Auch die Majors sind wieder mit im Boot und die staatlichen Musikexportbüros einiger Länder. Auf genau diese alten Strukturen hatte man beim Aufbau der Berlin Music Week aus den Trümmern der Popkomm bewußt verzichtet.
Und jetzt findet man im Programm auch Verbandssitzungen der wichtigsten Europäischen Labels, den "Berliner Pilsener Music Award", es gibt wieder Firmen-Empfänge, sogar mit Champagner - oder, auch sehr schön: Eine "Pitching-Session mit den wichtigsten Soundtrack-Einkäufern der Filmindustrie". Ja, dickes B macht dicke Hose.
Indie goes Hi-Tech
Aber es gibt auch Hoffnungszeichen - oder ist das nur ein Alibi-Event?: Erstmals sollen mit einem Straßenmusikfestival die Künstler auf der Straße in den Fokus gerückt werden. Sponsoring-Partner ist - die O2 World. Moment mal: Mussten nicht für den Bau dieser gigantischen Arena in Friedrichshain einige Clubs sterben, alte Gebäude und typischer Berliner Industriebrachen-Charme weichen? Naja, als Motto passt dazu eines der Konferenz-Themen: "Indie goes Hi-Tech."

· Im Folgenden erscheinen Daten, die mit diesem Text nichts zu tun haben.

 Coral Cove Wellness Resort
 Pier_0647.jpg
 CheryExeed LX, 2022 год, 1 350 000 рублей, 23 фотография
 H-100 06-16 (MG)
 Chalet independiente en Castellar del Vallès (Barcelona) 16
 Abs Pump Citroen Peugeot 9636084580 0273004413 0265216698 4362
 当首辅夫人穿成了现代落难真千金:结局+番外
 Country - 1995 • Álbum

Eine Tendenz, die auch im Programm der Konkurrenz-Veranstaltungen aus den Konkurrenz-Musikhauptstädten zu beobachten ist. Die C/O-Pop in Köln hübscht sich immer mehr auf, um in die Fußstapfen der Popkomm zu treten, die ja einst in ihren fetten Jahren von Köln nach Berlin abgewandert war. Das Reeperbahnfestival in Hamburg will auch immer mehr Konferenz und wichtiger Branchentreffpunkt sein. Und Berlin trägt dabei wie immer die Nase oben. Börlinn, Alter! Schaut auf diese Stadt!

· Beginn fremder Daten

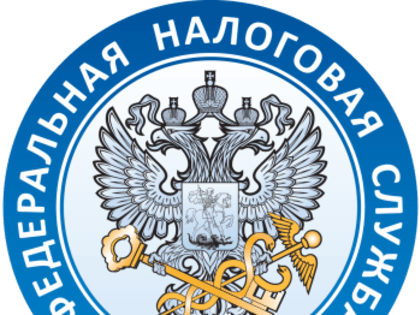Утвержден размер фиксированных страховых взносов на 2024 год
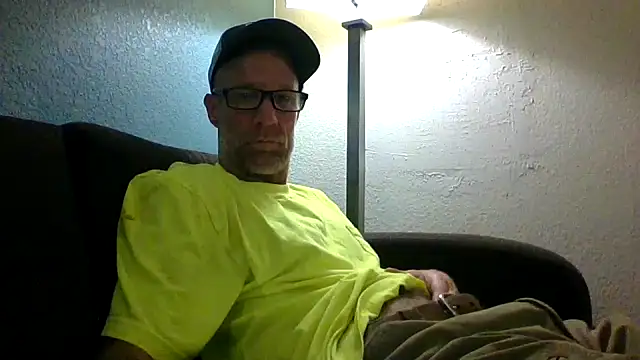 tittycum3636 online show from March 23, 2026, 5:44 am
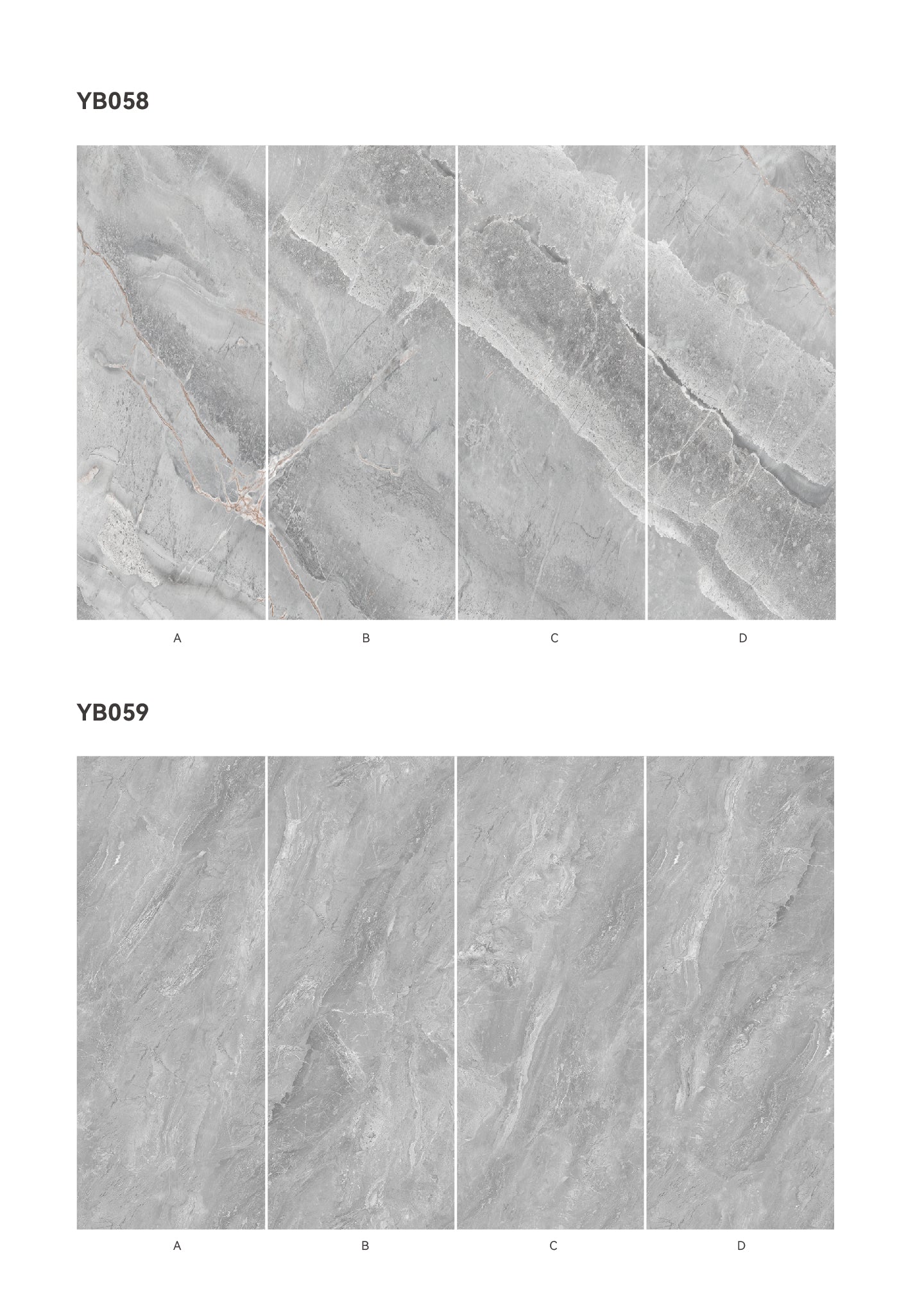 SPC Background Art (Stone Texture)-GRAYSCALE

Nur beim alljährlichen Mega-Abschluß-Event der Berlin Music Week, dem Berlin Festival, da backt Dickes B nun kleinere Brötchen. Und zieht vom gigantischen Gelände des ehemaligen
Flughafens Tempelhof um in die - wie es heißt "Party-Enklave Friedrichshain-Kreuzberg". Dahin also, wo sich eh schon jedes Wochenende Tausende Party-Touristen die Füße platt treten. Offiziell heißt es: Da wäre alles undergroundiger und eben echt Berlin. Wer hinter die coole Fassade schaut, wird feststellen: Die Kalkulation lässt es nicht anders zu, im vergangenen Jahr hat man Miese gemacht. Und den ganz großen Wurf mit einem Festival für 50 - 100.000 Zuschauer, der in Tempelhof auch möglich wäre, den traut man sich nicht zu.
Indies als Marktmacht
Und inhaltlich? - Bietet die Berlin Music Week 2014 nicht viel Neues: Der ewige Diskurs um Rundum-Vermarktung und Urheberrecht, die Creative Commons-Alternative zur Gema steckt immer noch in der Entwicklung. Die Indies präsentieren sich als Marktmacht, näher am Künstler, aber auch am Abgrund. Hier ein Startup, da ein paar junge Kreative.
Vor allem ist man stolz zu vermelden, es hätten sich "1.500 geladene Gäste aus Politik, Medien, der Kreativwirtschaft und der Glamour-Welt für das Opening" heute abend angekündigt.
Das war im vergangenen Jahr schon mit der Hälfte der Leute ein peinliches Schaulaufen mit Gratis-Häppchen auf Senatskosten. Aber vielleicht nehmen ja auch die Graswurzler inzwischen gern ein Schlückchen Champagner. Oder scheitern schon an den Türstehern mit den dunklen Anzügen.
Vielleicht kümmert sich ja lieber endlich mal wieder jemand darum, dass Musiker von ihrer Kunst leben können. In Köln, Hamburg, Berlin - und am besten auch bundesweit.